The US on Friday welcomed Brazil’s renewed promise to end illegal deforestation, but urged immediate action to protect the Amazon rainforest, a major factor in global climate change.
Brazilian President Jair Bolsonaro, a longtime scourge of environmentalists, in a letter to US President Joe Biden ahead of a US-led climate summit next week voiced support for a previous Brazilian goal of stopping illegal deforestation by 2030.
Bolsonaro’s “recommitment to eliminating illegal deforestation is important,” US Special Presidential Envoy for Climate John Kerry wrote on Twitter.
Photo: Reuters
“We look forward to immediate actions and engagement with indigenous populations and civil society so this announcement can deliver tangible results,” he wrote.
Bolsonaro, one of the closest international allies of former US president Donald Trump, said that his efforts on deforestation showed “unequivocal” support for Biden’s efforts.

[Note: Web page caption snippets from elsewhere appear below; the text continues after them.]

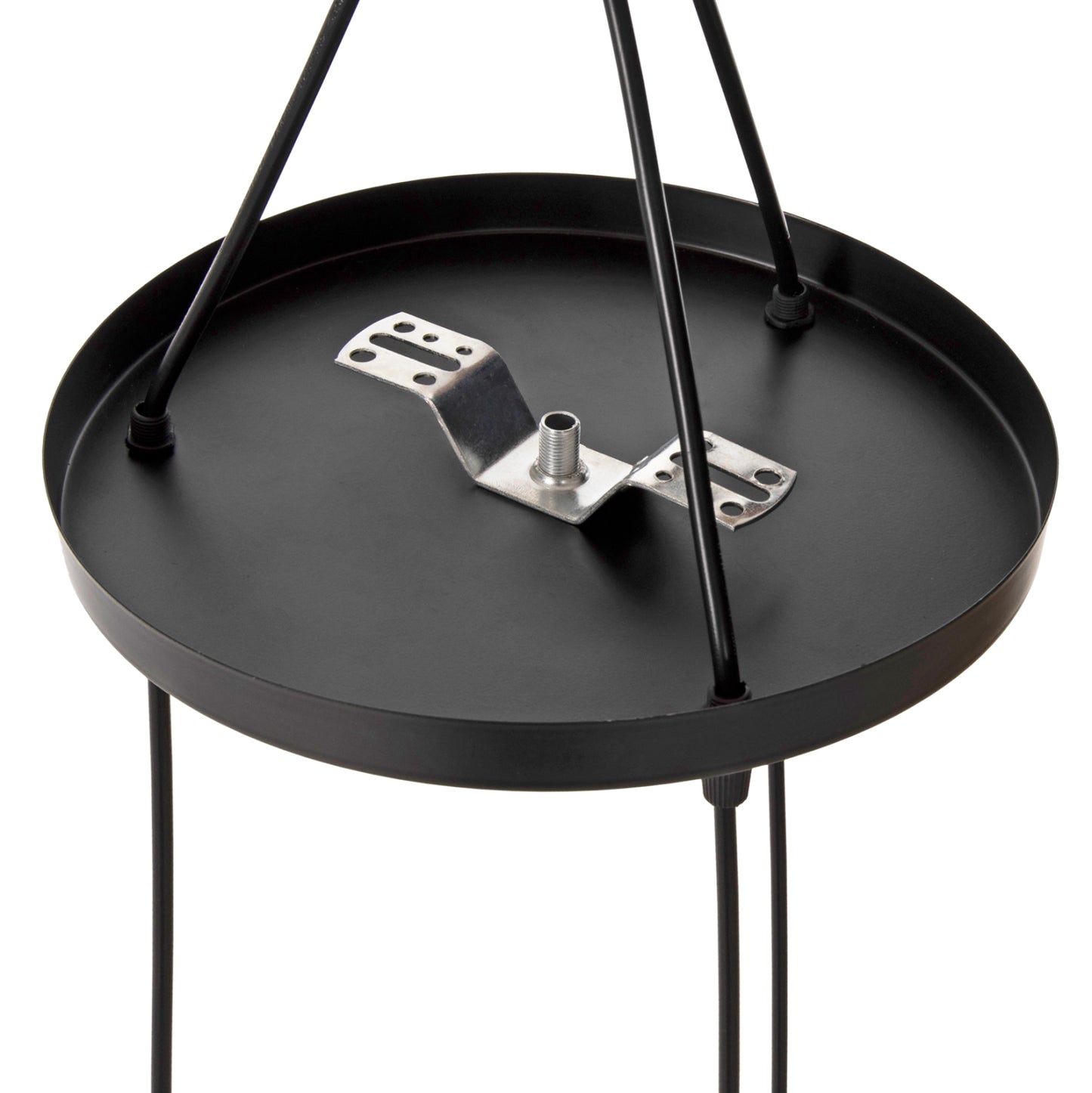 Ceiling Pendant Lamp Hm4086 3-light Black Metal Caps Like Umbrellas Φ22x123hcm.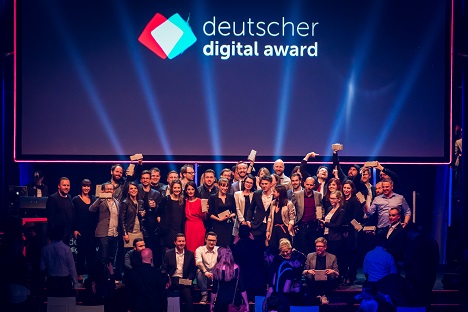 Die Gewinner des Deutschen Digital Awards 2017 (Foto: BVDW)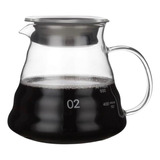 Servidor De Cafe Vidrio  600ml Con Tapa Metodo Filtrado V60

However, Bolsonaro appealed for “considerable” international support to help Brazil meet the goal.
One of the most prominent defenders of the Amazon, Aboriginal leader Raoni Metuktire, voiced skepticism over Bolsonaro’s promise in a video addressed to Biden that warned of encroachments by loggers.
“The president of this country has told many lies,” he said. “If this bad president says something to you, ignore him. Say that Raoni already talked to me.”
During his campaign ahead of the US presidential election last year, Biden called for US$20 billion in international funding to stop Brazil from “tearing down the forest” with a risk of economic consequences if it does not comply.
Bolsonaro at the time denounced the then-US presidential candidate’s threats.
Brazil had committed under the 2015 Paris climate agreement to end illegal deforestation by 2030, but the goal was under a cloud due to the election of Bolsonaro, who has opened protected lands to mining and agriculture.
The Amazon and other rainforests are crucial to the battle against climate change as they serve as giant sinks of carbon in the atmosphere.
In the 12 months to August last year, deforestation in the Brazilian Amazon increased 9.5 percent, destroying an area bigger than Jamaica, Brazilian government data showed.
Brazilian Minister of the Environment Ricardo Salles on Friday told reporters that if Brazil received US$1 billion in aid from the international community, it would reduce illegal deforestation in the Amazon rainforest by up to 40 percent.
The money would serve to strengthen “control actions [against illegal deforestation] and, at the same time, to create an economic alternative” for 25 million people who live in the northern Amazon region, he said.
That region is one of the poorest in Brazil despite its vast natural resources.